Probablemente en ningún otro hubiera sido posible; pero, esto no es novedad,
pues tanto en el cine como en la televisión norteamericanos es frecuente esa
visión destemplada y beligerante de sus políticos, empresarios, jueces,
carceleros, banqueros, militares, policías, sindicalistas, profesores,
etcétera. La diferencia es que aquellas críticas suelen ser individualizadas:
son sujetos concretos los que se corrompen y delinquen, excepciones negativas
que no afectan la esencia benigna del sistema. En The Wire ocurre al revés; es
el sistema mismo el que parece condenado sin remedio, pese a que algunos de
quienes trabajan en él sean gentes de buena entraña y hasta heroicos idealistas
como Howard Colvin.
Aunque tiene el clásico esquema de una confrontación entre
policías y delincuentes, The Wire rompe a cada paso ese maniqueísmo mostrando
que, en el mundo en que transcurre la historia -los barrios negros y miserables
de Baltimore, los colegios públicos de la periferia, las comisarías marginales,
los almacenes y muelles del puerto, la redacción del principal periódico de la
ciudad, The Sun, y las oficinas de la Municipalidad- hay buenos y malos
entreverados y que en muchos casos la bondad y la maldad coexisten en una misma
persona por momentos y según las situaciones. Lo único que queda claro, al
final, es que, en aquella sociedad, casi todos fracasan, y, los pocos que
tienen éxito, lo alcanzan porque son unos pícaros redomados o por obra del
azar.
Una obra semejante debería dejar una sensación profundamente
pesimista en el espectador, y, sin embargo, sucede todo lo contrario. Pese al
fatalismo que preside la vida de esas gentes, hay entre los policías, los
camellos vendedores de drogas, los ladrones, los matones, los periodistas, los
profesores, gentes tan entrañables como el detective borrachín y parrandero
Jimmy McNulty, o el policía convertido en maestro de escuela Roland Prez
Pryzbylewski, el tierno adicto y confidente Bubbles, o los estibadores que ven,
impotentes pero risueños, la desaparición de los astilleros que les han dado de
comer y ahora los dejarán en el paro y el hambre. Gracias a ellos, uno sale
reconciliado con la fauna humana, esa sensación de que, a pesar de que todo
anda mal, la vida vale la pena de ser vivida aunque sólo sea por aquellos
momentos de alegría que se viven disfrutando un trago en el bar de la esquina
con los compañeros, o recordando aquella noche de amor, o la emboscada que tuvo
éxito y -¡por una vez!- mandó al asesino entre rejas.

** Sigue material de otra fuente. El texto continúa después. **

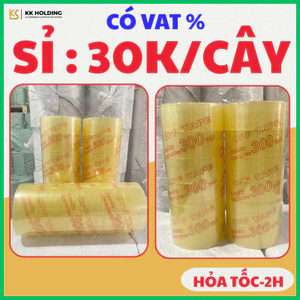 Băng keo trong 2kg 300yard – cuộn lớn, keo dính chắc, tiện lợi cho đóng gói hàng hóa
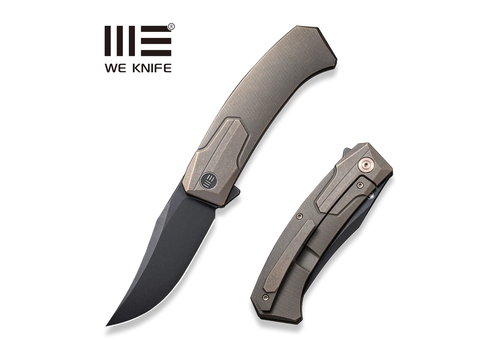 WE Knife Co. WE Knife Shuddan Flipper Bronze Titanium Handle, CPM 20CV Discontinued WE Knife Co. WE Knife Shuddan Flipper Bronze Titanium Handle, CPM 20CV Discontinued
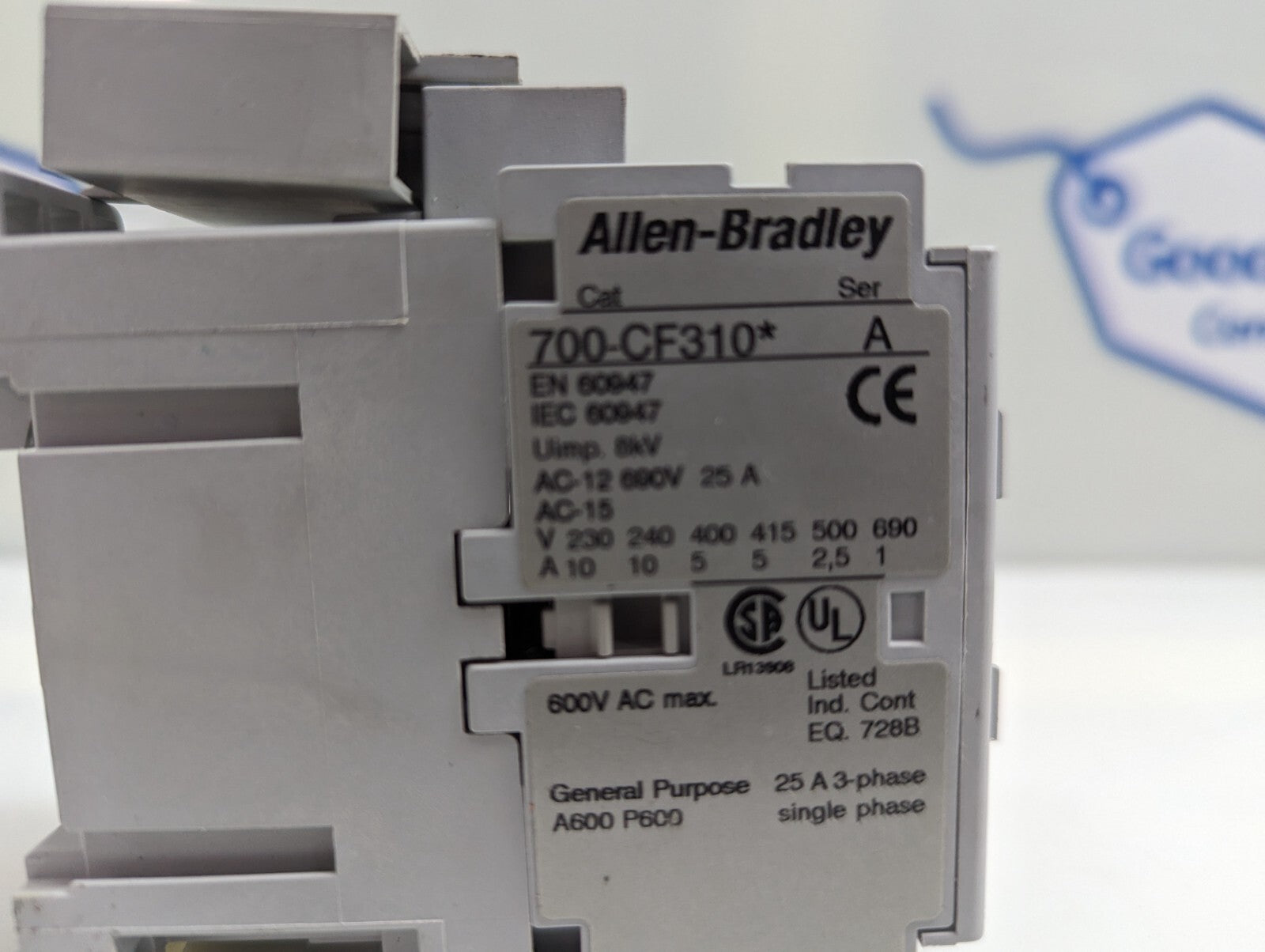 Allen-Bradley 700-CF310* Ser A Contactor Relay+100-FSC280 Ser A Surge Suppressor1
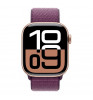 Умные часы Apple Watch Series 10 42mm Aluminum Case with Sport Loop Rose Gold/Plum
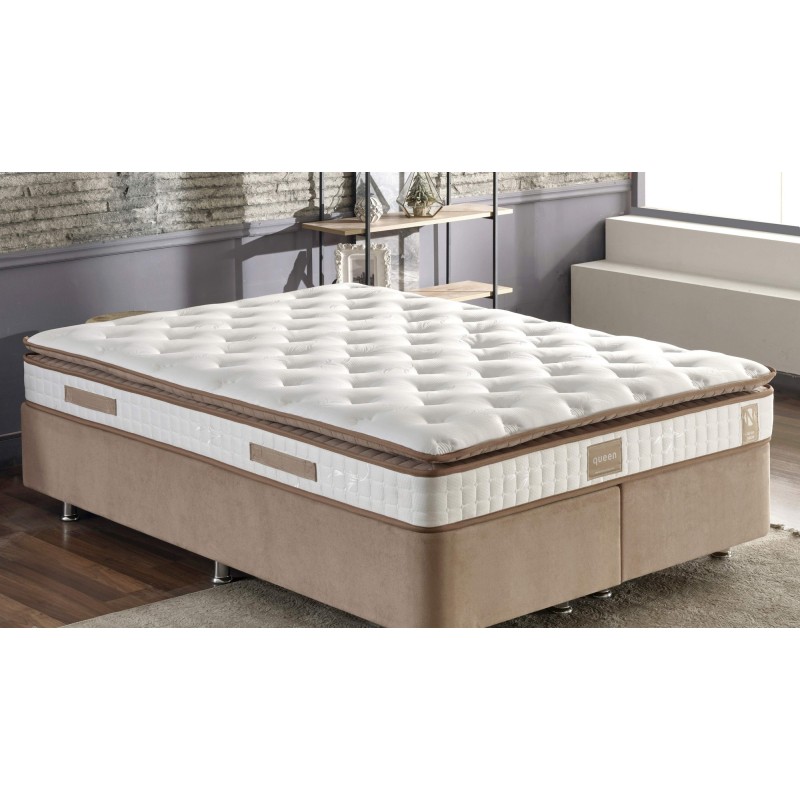 Mattress Queen 140x200 cm Double Size Padded Firm Mattress White
Brown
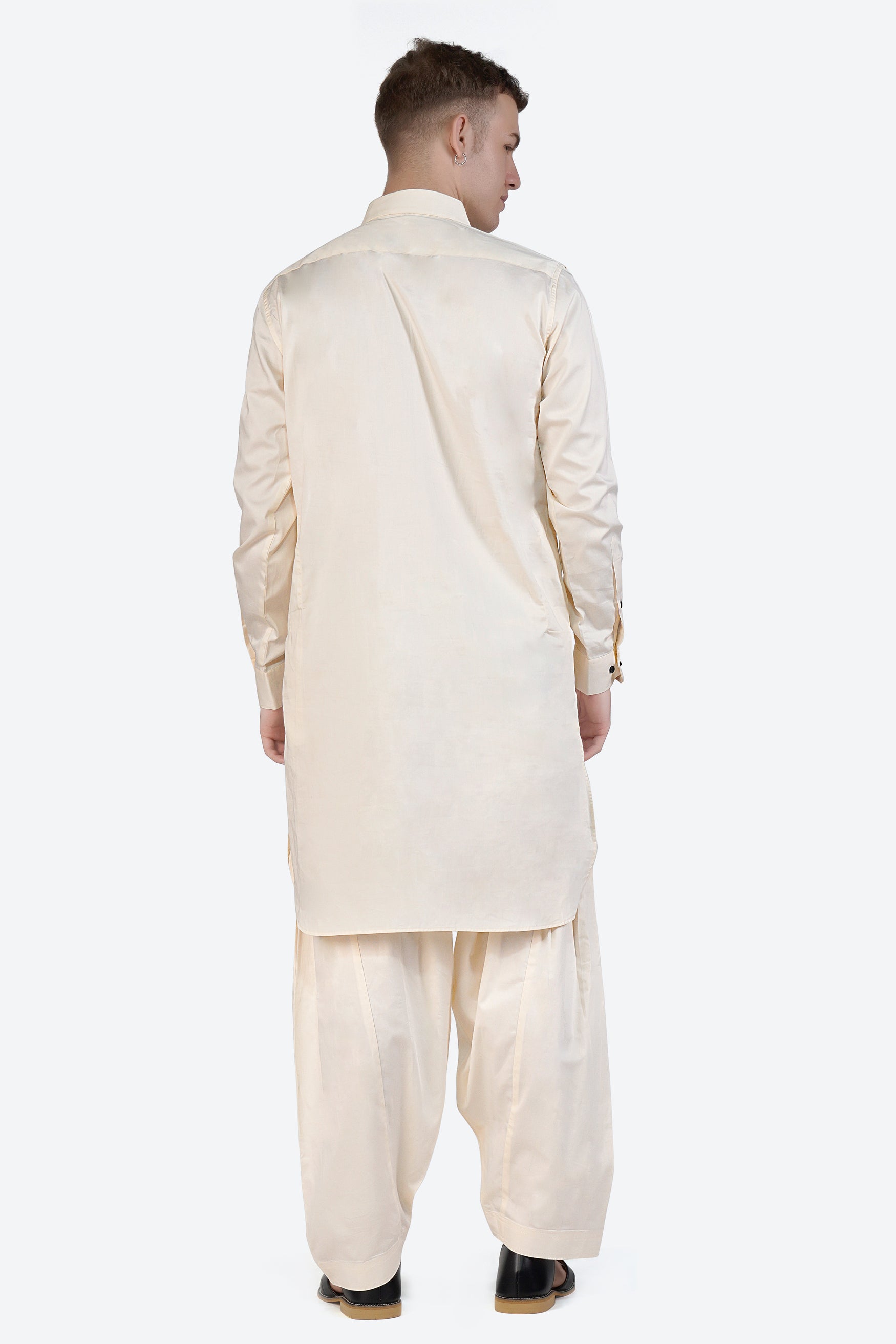 Fantasy Cream Subtle Sheen Super Soft Premium Cotton Pathani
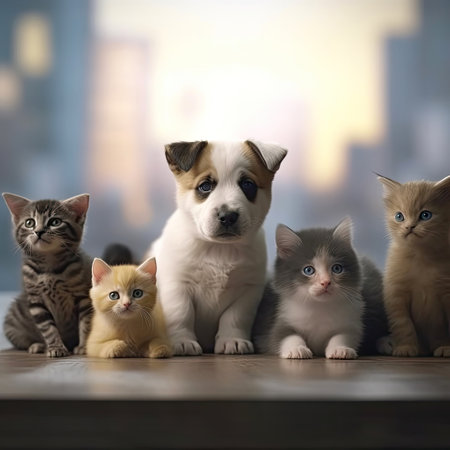 Cute Puppies vs. Adorable Kittensの素材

Los dos autores de The Wire, el ex periodista David Simon y
el ex policía Ed Burns, trabajaron muchos años en el mundo que describe la
serie. El primero de ellos dice que la concibieron como una novela filmada, y,
también, que la mayor influencia que ambos reconocen es la de la tragedia
griega, pues, en su historia, también la suerte de los individuos está fijada
desde antes de nacer, por "unos dioses indiferentes" contra los que
es inútil rebelarse. Algo de cierto hay en ambas afirmaciones. The Wire tiene
la densidad, la diversidad, la ambición totalizadora y las sorpresas e imponderables
que en las buenas novelas parecen reproducir la vida misma (en verdad, no es
así, pues la vida que muestran es la que inventan), algo que no he visto nunca
en una serie televisiva, a las que suele caracterizar la superficialidad y el
esquematismo. También es verdad que un destino fatídico parece regir la vida de
toda la fauna humana que la habita, algo que, justamente, da a sus esfuerzos
por escapar a ese cepo invisible que la atenaza, un carácter dramático,
patético y a veces hasta cómico.
¿Es la vida así, como la viven esos simpáticos y antipáticos
pobres diablos? En absoluto. La vida de The Wire es la vida hechizada de las
buenas ficciones, una vida amasada con pedazos de realidad que pasaron por la
memoria, la imaginación y la destreza de unos guionistas, directores, actores y
productores que se las arreglaron, por fin, para escapar de las banales series
de entretenimiento a que nos tiene acostumbrados la pequeña pantalla y
realizaron una obra auténticamente creativa: un mundo original, tan persuasivo
en su coherencia y en su transcurrir, en la psicología de sus tipos humanos y
en las peripecias de las que son autores o víctimas, en la riqueza de su jerga
barriobajera, de sus dichos, de su mitología, de su mentalidad, que parece la
pura verdad (ese es el triunfo de las grandes mentiras que son todas las buenas
ficciones).
Como cada episodio de The Wire es tan endiabladamente
entretenido, el espectador tiene la impresión de que, al igual que otras
series, ésta también es pura diversión pasajera que se agota en ella misma.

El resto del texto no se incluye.